Using the Metal 4 compilation API

Control when and how you compile an app’s shaders.

Overview

Metal 4 introduces a modular shader compilation API workflow that gives you more control over when, where, and how you compile your shaders. A major part of that workflow comes from a compiler protocol, which represents the compiler instances your app creates at runtime. The compiler protocol gives you the ability to monitor and control the shader compilation process.

For example, an app can use a compiler instance to reduce or eliminate runtime delays from compilation tasks, which can have an unpredictable duration at runtime, by deciding the best time to run those tasks. This reduction is useful for large-scale apps that have compilation tasks needing a non-trivial amount of time. You can build strategies that balance your app’s size and performance with the time it takes to compile shaders during development, your app’s runtime, or both.

Improve your app’s performance

Metal 4 also introduces other shader compilation features that can improve your app’s performance by helping you only build the pipeline configurations it needs, including:

Function descriptors: Define a more modular workflow that separates compilation during development versus at runtime
Flexible render pipeline states: Add the ability to compile most of the shader ahead of time and optionally compile other parts once your app knows those details
Color-attachment mapping: Configures where each of your pipeline’s outputs send their data without recompiling the entire shader

You can incrementally adopt the Metal 4 compilation workflow over time. For you example, you might start by integrating your app’s most critical pipelines with one or more dedicated compiler instances, and then iteratively migrate the remaining pipelines at convenient times.

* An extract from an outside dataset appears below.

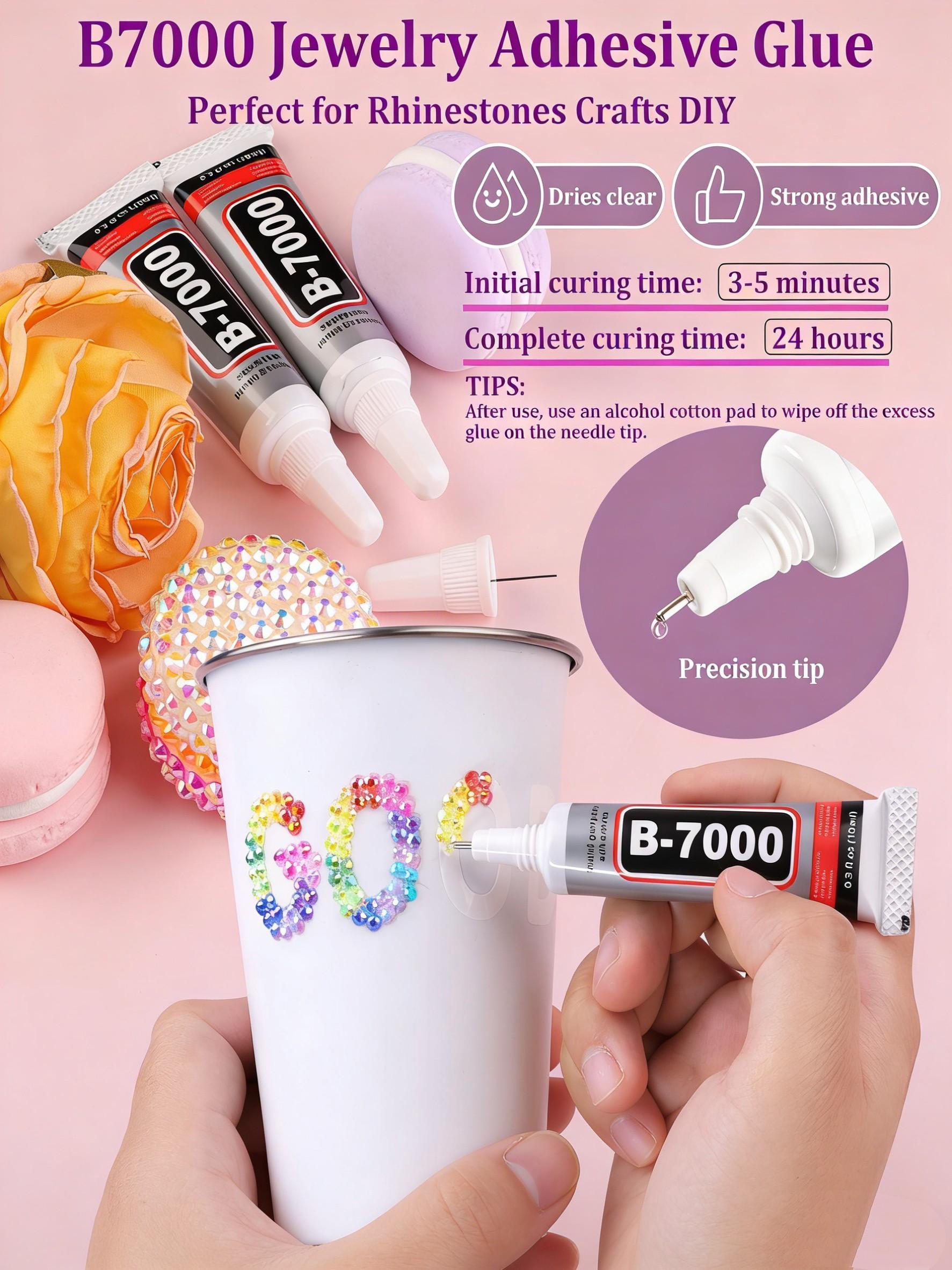 30000Pcs Resin Jelly Rhinestones for Bedazzling, Multicolor 3mm Flatback Gems for Art, Bedazzler Kit with 3Pcs 10ml B7000 Jewelry Glue for Nail Art Crafting Book Makeup DIY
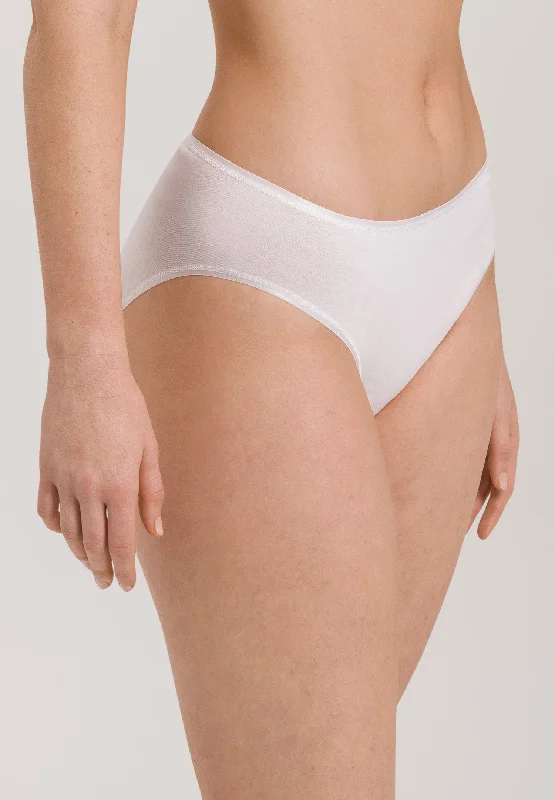 Women's black lace briefs for a classic sexy lookCotton Seamless Midi Briefs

As you convert more pipelines to Metal 4, you can increasingly leverage harvesting workflows, which are the techniques and APIs that capture, store, and reuse the pipeline states your app compiles. You can serialize a harvesting set into a binary archive, or to a pipeline script which you can precompile to a binary archive during development. Harvesting pipelines states can:

Reduce the time your app spends compiling pipeline states at runtime
Create opportunities for broad compatibility and longevity because both Metal 3 and 4 can load binary archives

Create a dedicated compiler

Control of the compilation process with the MTL4Compiler protocol, which provides direct, fine-grained control over shader compilation tasks. With Metal 4, your app can explicitly oversee more aspects of the compilation processes with a dedicated compiler instance, including the ability to:

Decide when to compile each shader, improving predictability
Create a dispatch queue, optionally with a specific quality of service (QoS)
Monitor the progress of each compilation task and when it finishes
Harvest shaders and pipeline states your app compiles on-device and save them to binary archives
Save shaders and pipeline states that your app compiles on-device with an MTL4PipelineDataSetSerializer

Compilation requests you run on that dispatch queue, such as with dispatch_sync or dispatch_async, run at the queue’s QoS. If the app runs a compilation directly, without using a dispatch queue, such as on the main thread, the framework runs the compilation on the same QoS as the app’s calling thread.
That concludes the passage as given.